_What is being asked_.
Output the lines from the one containing "2019 Ford Transit" through the last line of the material below, exactly; please do not include pictures.

_Data to use_.
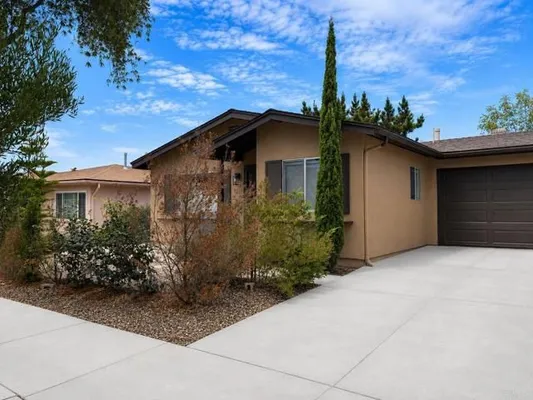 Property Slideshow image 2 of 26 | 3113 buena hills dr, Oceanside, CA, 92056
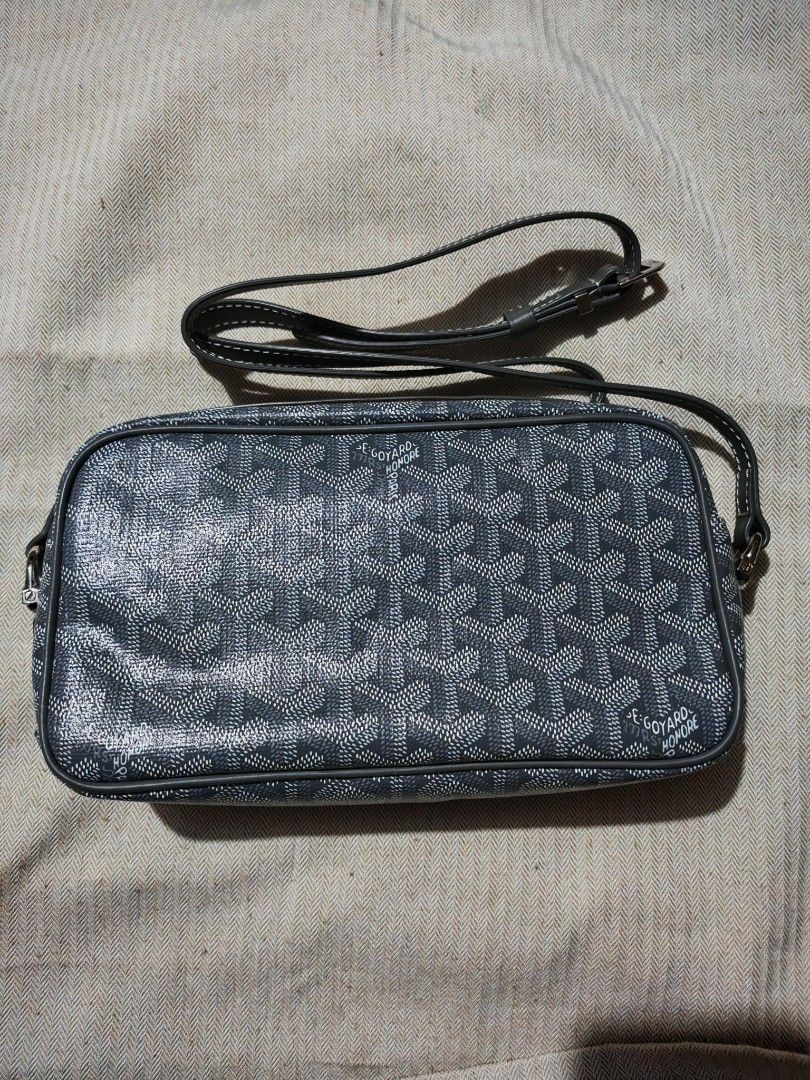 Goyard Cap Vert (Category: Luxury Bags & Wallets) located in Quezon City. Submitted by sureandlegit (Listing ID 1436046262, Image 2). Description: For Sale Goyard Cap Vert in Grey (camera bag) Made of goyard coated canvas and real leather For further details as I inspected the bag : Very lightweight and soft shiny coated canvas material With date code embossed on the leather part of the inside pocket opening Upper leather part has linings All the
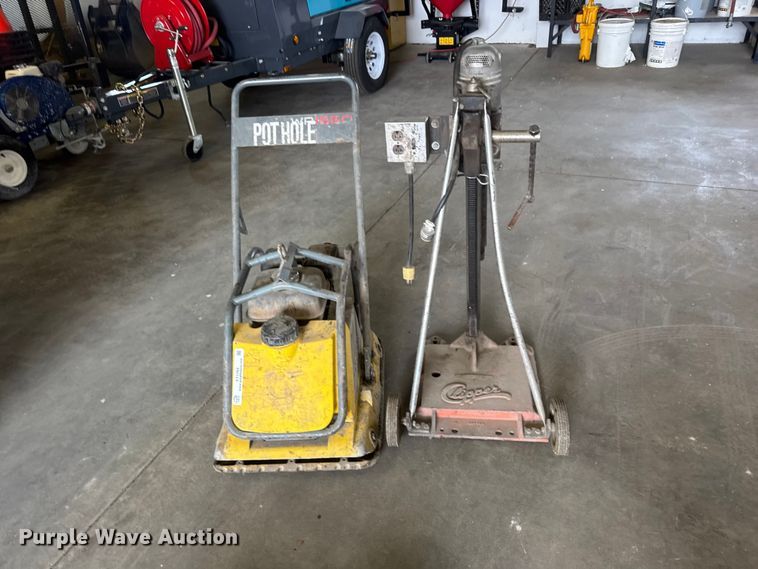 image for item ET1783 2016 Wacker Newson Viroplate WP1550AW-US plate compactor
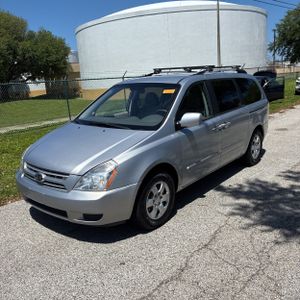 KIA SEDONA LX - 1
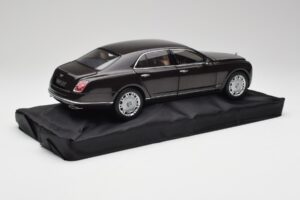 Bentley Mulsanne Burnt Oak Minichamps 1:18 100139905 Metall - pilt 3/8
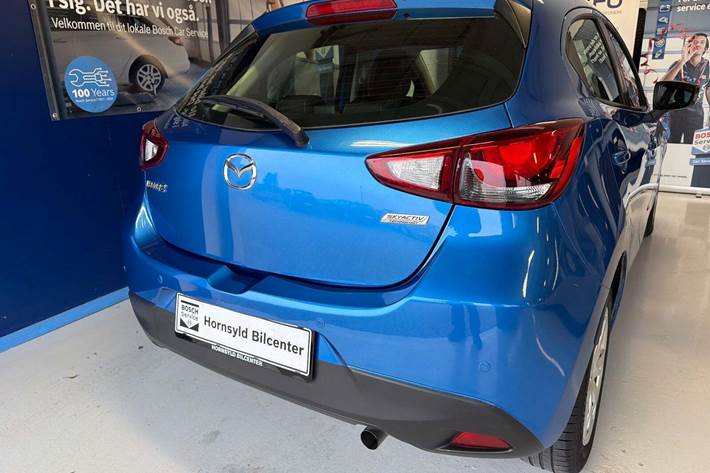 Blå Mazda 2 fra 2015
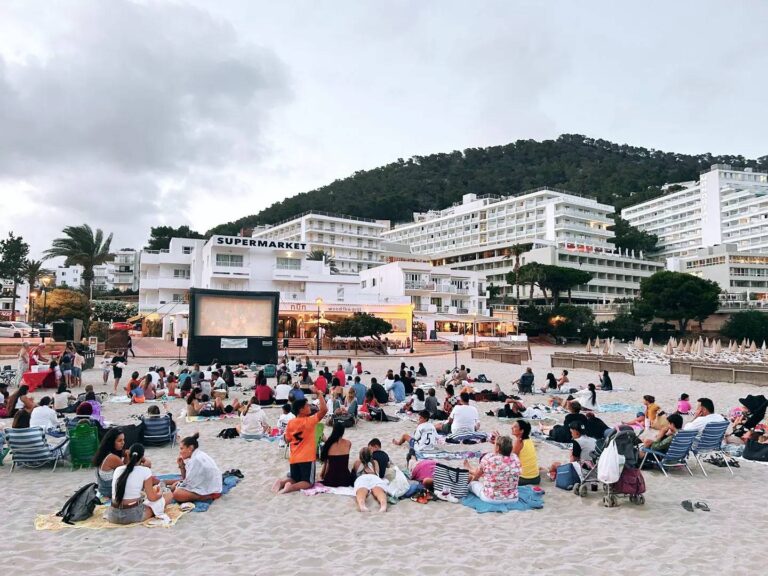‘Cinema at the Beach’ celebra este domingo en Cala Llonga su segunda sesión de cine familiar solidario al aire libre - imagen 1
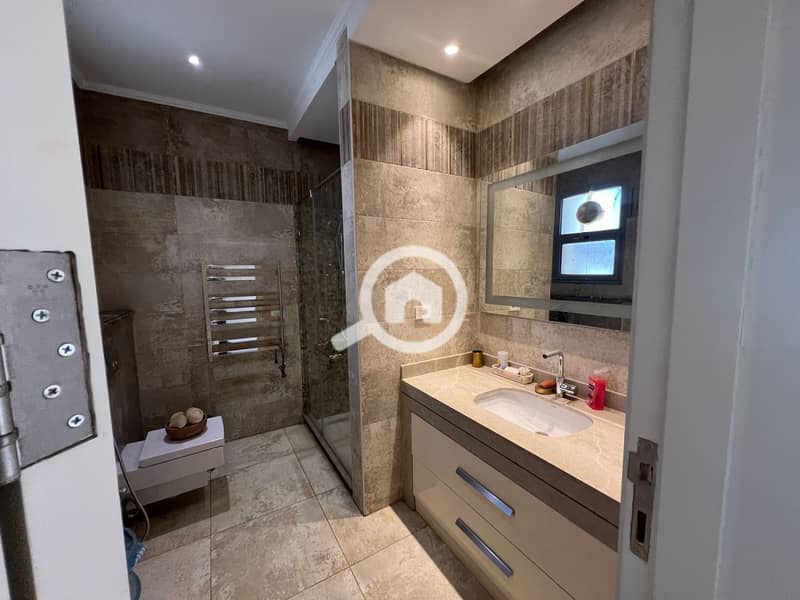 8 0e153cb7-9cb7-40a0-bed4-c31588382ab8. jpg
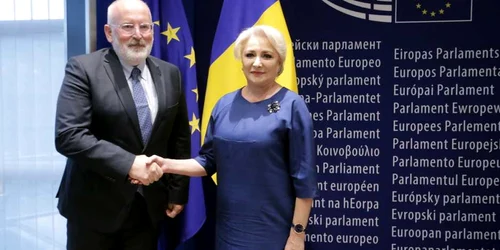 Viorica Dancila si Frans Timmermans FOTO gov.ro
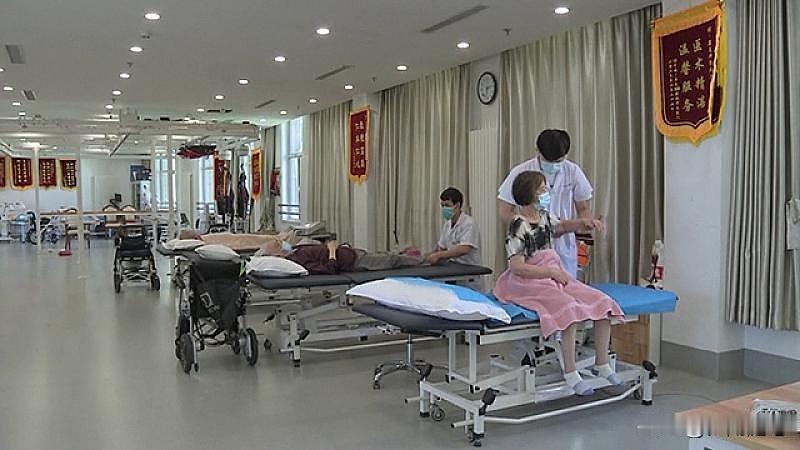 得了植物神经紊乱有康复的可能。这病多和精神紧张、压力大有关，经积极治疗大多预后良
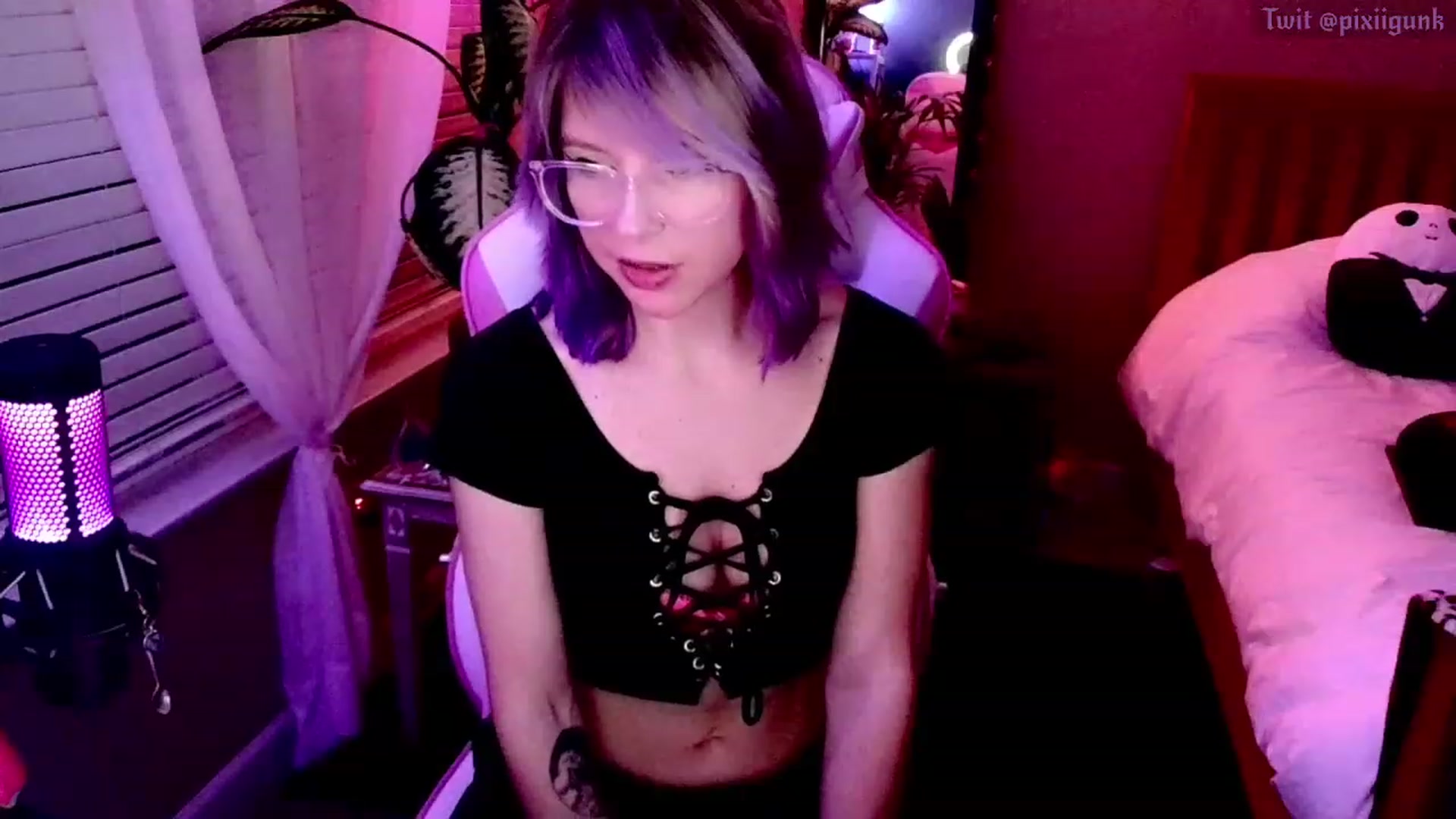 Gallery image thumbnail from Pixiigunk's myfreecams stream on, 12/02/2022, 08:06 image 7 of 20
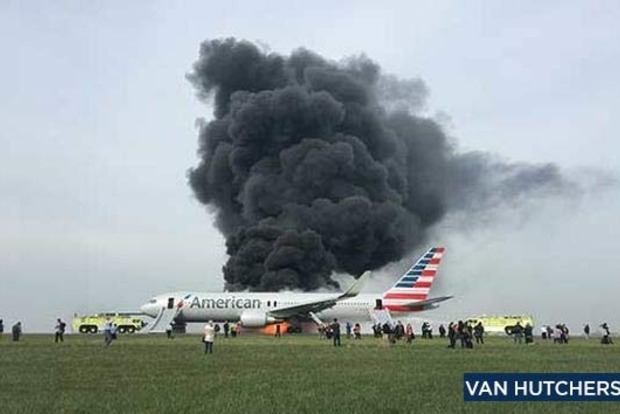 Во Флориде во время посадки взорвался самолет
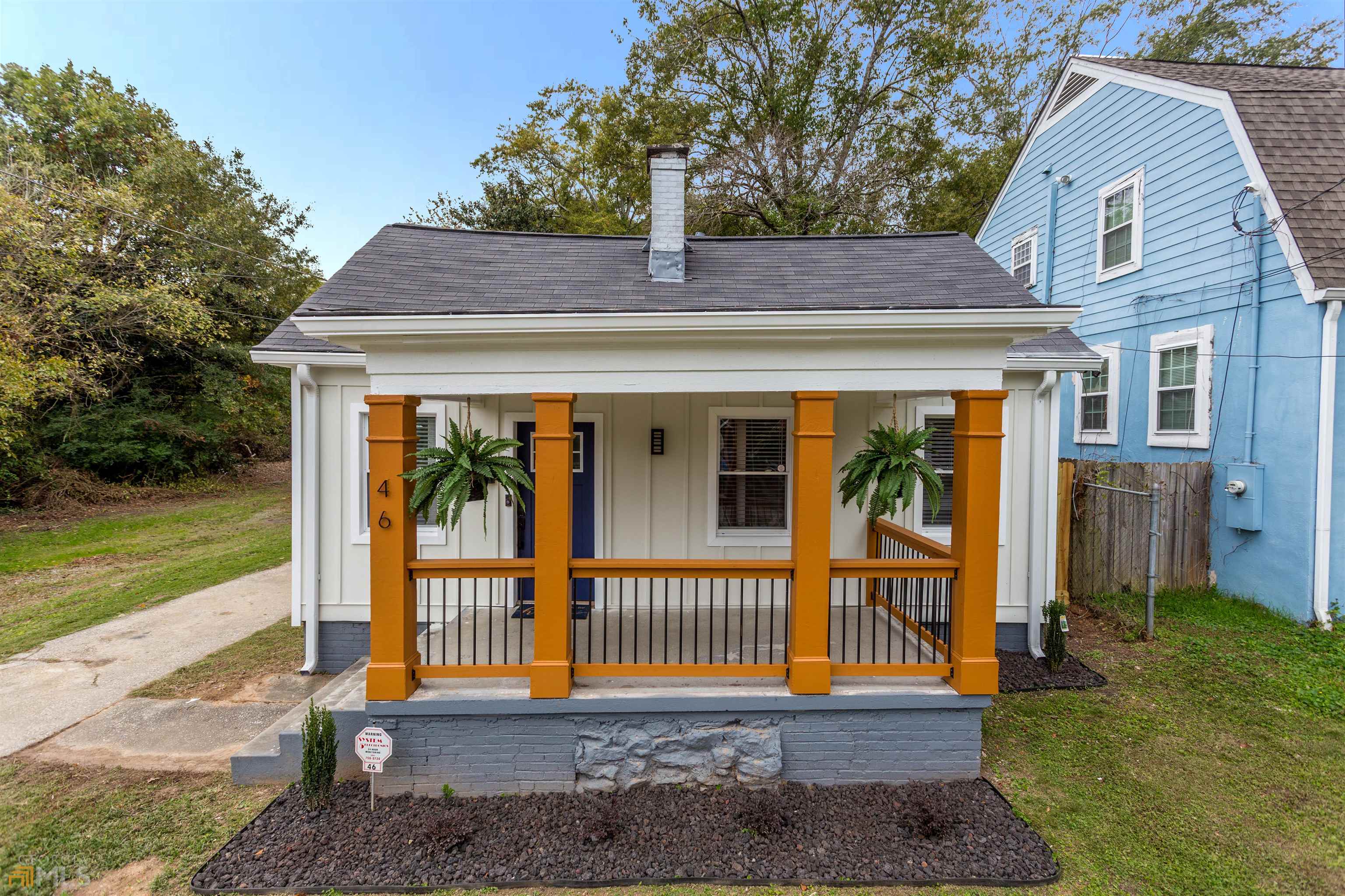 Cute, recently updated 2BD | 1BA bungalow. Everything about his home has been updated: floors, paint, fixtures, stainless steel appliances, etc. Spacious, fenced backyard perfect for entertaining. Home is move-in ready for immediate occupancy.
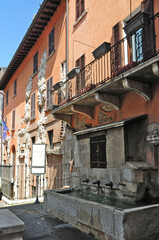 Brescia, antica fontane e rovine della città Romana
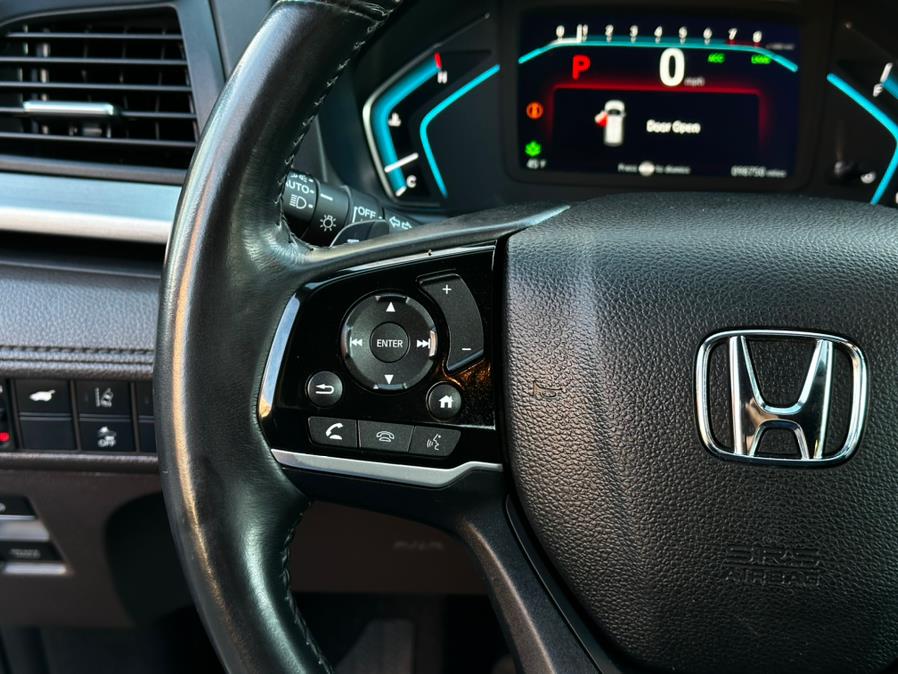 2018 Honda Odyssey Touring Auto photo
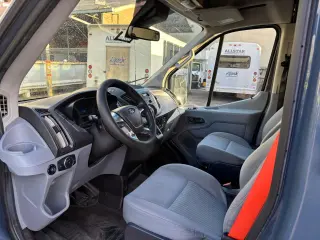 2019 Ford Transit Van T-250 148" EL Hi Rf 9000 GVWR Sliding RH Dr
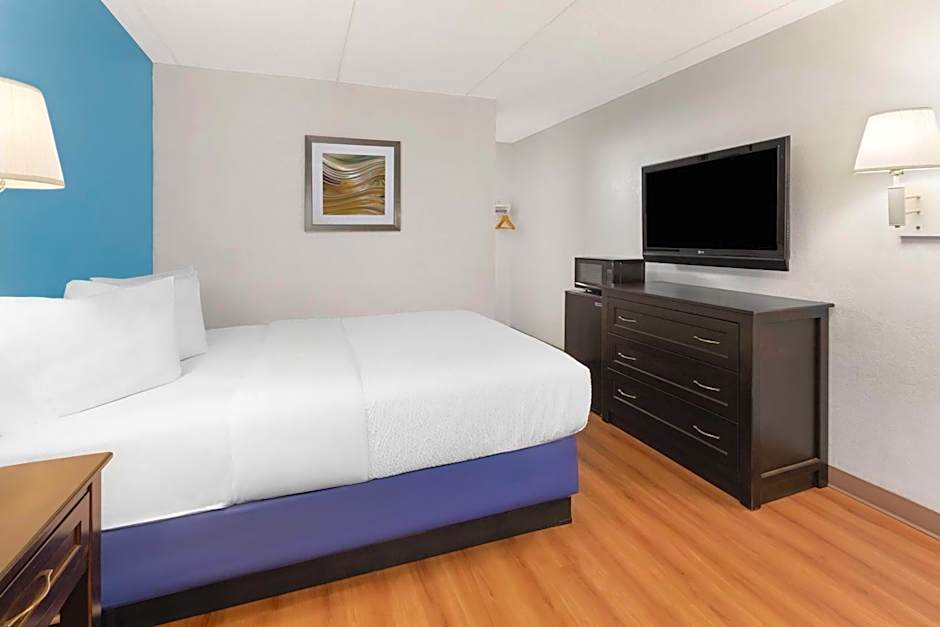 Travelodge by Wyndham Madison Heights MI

_Answer section_.
 2019 Ford Transit Van T-250 148" EL Hi Rf 9000 GVWR Sliding RH Dr
 Travelodge by Wyndham Madison Heights MI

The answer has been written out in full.